The Jewish community in Morocco lives its rituals and customs in accordance with the precepts of Judaism. Thus, in addition to the Rabbinical Court which rules on cases and disputes between Jews and the temples where they go for their prayers and feasts, Jews have their own slaughterhouses, where cattle and poultry are sacrificed in the Jewish way, which obeys strict standards and numerous conditions in order to remove all “forbidden” impurities from the animals’ flesh. The animals sacrificed must be ruminant mammals with cracked hooves. Thus, Jews do not consume horse meat, as is common among Muslims, just as they do not consume the lower part of the animal’s body, certain fats, ligaments and veins.
The slaughter process is supervised by religious leaders and experts appointed by the councils of Jewish communities wherever Jews live. These supervisors ensure first and foremost that the slaughter is carried out in accordance with the rules of hygiene and cleanliness. They also go to all slaughterhouses to endorse the sacrifice, verifying the implementation of the shehita, which corresponds to the Jewish rite of slaughter by jugulation that makes the animals pure and fit for consumption.

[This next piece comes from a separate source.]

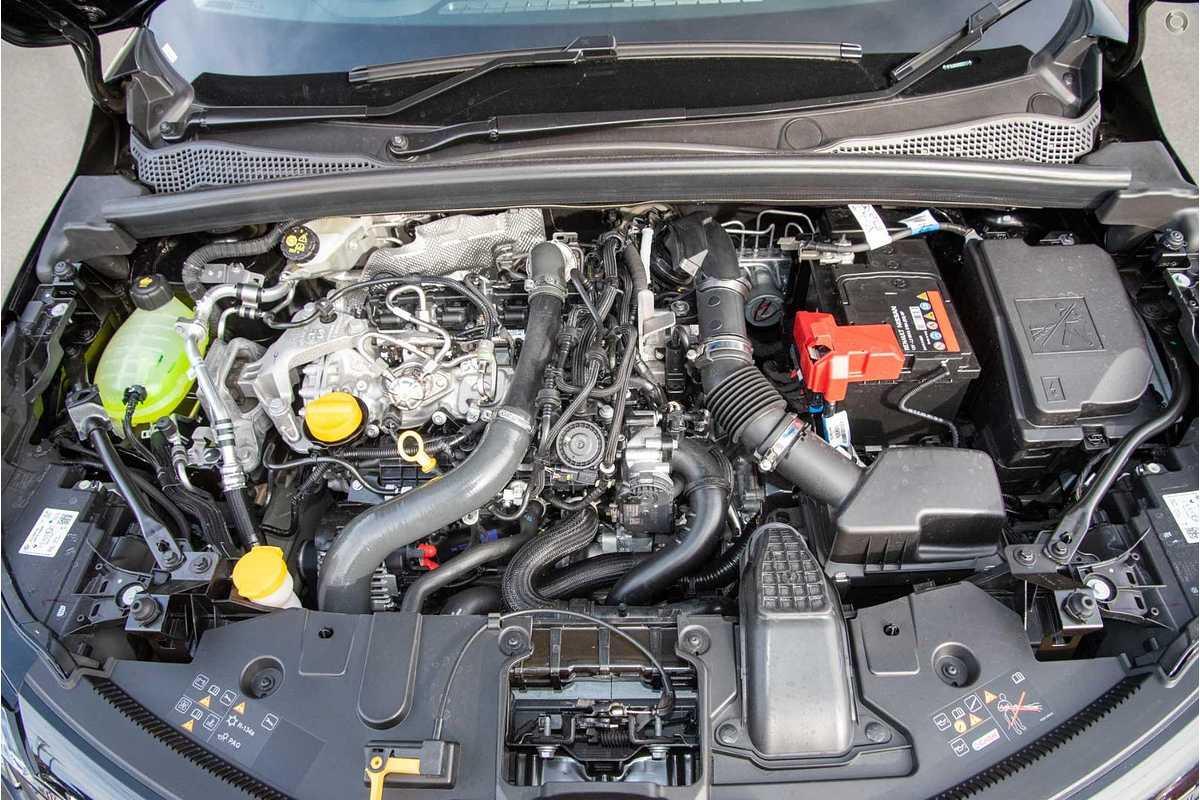2023 Renault Captur Zen XJB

Butchers undergo thorough training in the field of butchery and slaughter, given by Master Butchers more experienced than them, before obtaining a license to practice this profession.
Kosher meat is sold at high prices compared to meat sold in Islamic butcher shops. It is considered one of the most sacred foodstuffs among Jews. Before being cooked, it is carefully washed and stripped of all blood.
Halal rituals are similar in Judaism and Islam. Both religions prohibit the consumption of pork and all types of insects except grasshoppers. Slaughter is carried out in the same way, cutting the neck of the animal in a single blow, thus ensuring that all the major blood vessels are completely severed.